Personal information
- Nickname: Joffa
- Born: 7 January 1959 (age 67) Ballarat, Victoria
- Original team: Golden Point
- Height: 183 cm (6 ft 0 in)
- Weight: 83 kg (183 lb)
- Position: Wing/half back flank

Playing career^{1}
- Years: Club / Games (Goals)
- 1977–1989: St Kilda / 224 (58)
- ^{1} Playing statistics correct to the end of 1989.

= Geoff Cunningham =

Australian rules footballer (born 1959)

Geoff Cunningham (born 7 January 1959) is a former Australian rules footballer who played for St Kilda in the Victorian Football League (VFL).

==Career==

===Early days===
Cunningham was originally recruited from Golden Point in Ballarat on match permits, but was given a clearance to play the 1978 VFL season.

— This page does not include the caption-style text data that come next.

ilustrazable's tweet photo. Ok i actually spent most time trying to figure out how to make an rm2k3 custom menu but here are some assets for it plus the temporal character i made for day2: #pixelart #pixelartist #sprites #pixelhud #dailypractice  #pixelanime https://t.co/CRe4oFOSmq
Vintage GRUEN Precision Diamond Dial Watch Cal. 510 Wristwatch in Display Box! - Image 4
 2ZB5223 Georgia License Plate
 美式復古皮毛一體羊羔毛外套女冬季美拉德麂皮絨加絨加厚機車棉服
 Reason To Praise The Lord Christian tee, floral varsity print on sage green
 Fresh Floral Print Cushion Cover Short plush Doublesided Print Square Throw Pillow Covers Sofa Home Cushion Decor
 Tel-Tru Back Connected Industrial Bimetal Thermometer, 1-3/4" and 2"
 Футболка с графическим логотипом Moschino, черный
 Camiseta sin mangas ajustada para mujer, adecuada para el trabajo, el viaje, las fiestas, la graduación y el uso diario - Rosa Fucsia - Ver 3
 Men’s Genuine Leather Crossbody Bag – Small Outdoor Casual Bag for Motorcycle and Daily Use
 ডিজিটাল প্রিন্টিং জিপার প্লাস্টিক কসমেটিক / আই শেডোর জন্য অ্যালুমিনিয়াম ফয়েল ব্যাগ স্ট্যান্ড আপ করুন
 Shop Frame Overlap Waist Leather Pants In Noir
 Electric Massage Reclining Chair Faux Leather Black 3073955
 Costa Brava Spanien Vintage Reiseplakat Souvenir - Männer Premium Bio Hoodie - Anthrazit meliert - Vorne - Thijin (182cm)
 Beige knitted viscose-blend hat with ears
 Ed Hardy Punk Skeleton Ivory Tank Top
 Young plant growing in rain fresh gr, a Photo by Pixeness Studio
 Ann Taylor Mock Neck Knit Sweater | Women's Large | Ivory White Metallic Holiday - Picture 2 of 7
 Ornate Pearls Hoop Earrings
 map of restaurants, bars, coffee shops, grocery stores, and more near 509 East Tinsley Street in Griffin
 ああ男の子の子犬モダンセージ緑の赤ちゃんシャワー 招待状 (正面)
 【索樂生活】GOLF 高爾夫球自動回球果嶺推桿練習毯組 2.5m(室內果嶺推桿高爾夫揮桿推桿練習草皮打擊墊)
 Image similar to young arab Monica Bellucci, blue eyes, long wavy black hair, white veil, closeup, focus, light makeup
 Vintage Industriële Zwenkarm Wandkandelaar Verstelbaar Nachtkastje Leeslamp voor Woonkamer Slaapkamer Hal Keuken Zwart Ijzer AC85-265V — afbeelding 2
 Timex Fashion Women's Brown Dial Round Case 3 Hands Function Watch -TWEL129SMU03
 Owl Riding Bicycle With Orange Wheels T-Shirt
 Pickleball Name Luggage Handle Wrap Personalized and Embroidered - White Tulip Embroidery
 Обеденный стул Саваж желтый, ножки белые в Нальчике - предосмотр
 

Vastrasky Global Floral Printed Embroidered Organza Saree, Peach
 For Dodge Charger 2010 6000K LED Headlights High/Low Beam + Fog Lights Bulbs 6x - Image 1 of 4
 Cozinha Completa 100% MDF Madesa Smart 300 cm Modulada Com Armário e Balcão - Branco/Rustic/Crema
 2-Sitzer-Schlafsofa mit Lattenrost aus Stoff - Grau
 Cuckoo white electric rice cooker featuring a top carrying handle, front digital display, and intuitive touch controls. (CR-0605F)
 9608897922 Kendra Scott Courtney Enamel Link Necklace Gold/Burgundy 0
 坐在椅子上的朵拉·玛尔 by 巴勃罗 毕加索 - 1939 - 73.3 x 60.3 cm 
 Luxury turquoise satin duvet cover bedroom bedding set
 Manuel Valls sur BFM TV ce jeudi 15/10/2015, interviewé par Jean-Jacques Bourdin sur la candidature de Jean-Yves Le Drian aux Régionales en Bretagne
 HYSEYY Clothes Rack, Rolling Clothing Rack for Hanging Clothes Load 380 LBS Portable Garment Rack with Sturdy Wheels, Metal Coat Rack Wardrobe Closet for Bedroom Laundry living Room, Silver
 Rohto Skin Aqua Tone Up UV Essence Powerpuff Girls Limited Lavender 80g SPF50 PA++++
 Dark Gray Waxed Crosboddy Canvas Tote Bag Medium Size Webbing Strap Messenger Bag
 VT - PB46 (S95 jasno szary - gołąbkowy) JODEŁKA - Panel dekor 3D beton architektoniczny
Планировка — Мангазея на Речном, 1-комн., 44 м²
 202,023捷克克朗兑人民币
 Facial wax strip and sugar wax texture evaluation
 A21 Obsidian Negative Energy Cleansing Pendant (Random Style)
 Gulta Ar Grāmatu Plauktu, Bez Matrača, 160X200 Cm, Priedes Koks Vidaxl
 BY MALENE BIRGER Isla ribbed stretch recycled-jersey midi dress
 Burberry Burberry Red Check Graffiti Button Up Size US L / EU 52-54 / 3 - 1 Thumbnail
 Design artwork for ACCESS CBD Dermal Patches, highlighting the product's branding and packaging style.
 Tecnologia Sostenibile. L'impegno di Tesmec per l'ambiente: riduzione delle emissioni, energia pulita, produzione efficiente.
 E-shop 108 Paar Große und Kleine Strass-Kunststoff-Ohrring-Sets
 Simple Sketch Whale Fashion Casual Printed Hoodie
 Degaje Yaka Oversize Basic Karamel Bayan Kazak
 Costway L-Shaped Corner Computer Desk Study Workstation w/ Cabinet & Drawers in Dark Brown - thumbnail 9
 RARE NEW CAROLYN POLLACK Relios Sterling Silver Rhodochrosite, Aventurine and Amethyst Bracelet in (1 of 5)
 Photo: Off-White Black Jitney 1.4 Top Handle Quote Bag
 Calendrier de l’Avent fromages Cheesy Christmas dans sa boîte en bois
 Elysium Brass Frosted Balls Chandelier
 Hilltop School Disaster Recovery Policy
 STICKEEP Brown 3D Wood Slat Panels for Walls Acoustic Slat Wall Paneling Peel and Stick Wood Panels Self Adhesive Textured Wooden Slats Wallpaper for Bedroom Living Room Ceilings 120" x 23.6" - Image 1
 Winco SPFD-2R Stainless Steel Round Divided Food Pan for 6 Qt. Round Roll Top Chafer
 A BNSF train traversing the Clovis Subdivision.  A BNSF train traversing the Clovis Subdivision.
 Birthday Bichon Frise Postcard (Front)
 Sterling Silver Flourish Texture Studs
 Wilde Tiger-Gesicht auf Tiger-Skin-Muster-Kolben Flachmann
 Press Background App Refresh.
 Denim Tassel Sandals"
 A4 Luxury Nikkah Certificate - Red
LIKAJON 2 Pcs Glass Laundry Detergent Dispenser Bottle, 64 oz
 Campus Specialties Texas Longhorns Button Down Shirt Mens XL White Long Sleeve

Originally wearing number 25 for St Kilda, he was asked to give it up for former Carlton great, Alex Jesaulenko, who had left the Blues in 1980 – after coaching the 1979 premiership – to captain-coach the Saints. Cunningham was handed the number 5 guernsey and made it his own for the next decade.

===Honours===

Cunningham played during an era of little club success, which included St Kilda earning four successive wooden spoons from 1983 until 1986. However, the tough wingman was a rare shining light. His rivalry with the young Swan, David Rhys-Jones, was highly anticipated in the days of one-on-one match-ups. With champion Trevor Barker regularly missing games through chronic injury, Cunningham was often the only Saint selected to play for Victoria. Debuting in 1982, Cunningham played eight State of Origin games against South Australia and Western Australia. Cunningham, perhaps surprisingly, never won a club best and fairest award.

===Family===

Geoff Cunningham was joined by his younger brother, Daryl, (Fader) at St Kilda in 1983. The two were physically confronting together against opposition sides and proved intimidating. Often when one was in a scuffle, the other was close behind in support. Daryl was axed after four seasons and found his way to Essendon after Kevin Sheedy invited him down or pre-season when spotted him watching a practice match involving Essendon and St Kilda.

===Final days===

Cunningham's last game was in Round 12, 1989 against Hawthorn at a packed Moorabbin. It coincided with coach and legend, Darrel Baldock's decision to step aside after battling health problems. Cunningham's teammate, Ken Sheldon, was geared to take over the coaching reins with a new game plan. Aged 31 for the next season, Cunningham decided to retire after 224 games. Cunningham is one of only four VFL/AFL players, along with former teammate Trevor Barker, to have played 200 games without experiencing a final. Two seasons later St Kilda participated in its first final series since 1973. He would go on to coach Traralgon in the Latrobe Valley to successive premierships, and was the club's senior coach in 1996, the first of its two seasons in the Victorian Football League. Cunningham now lives in Brisbane.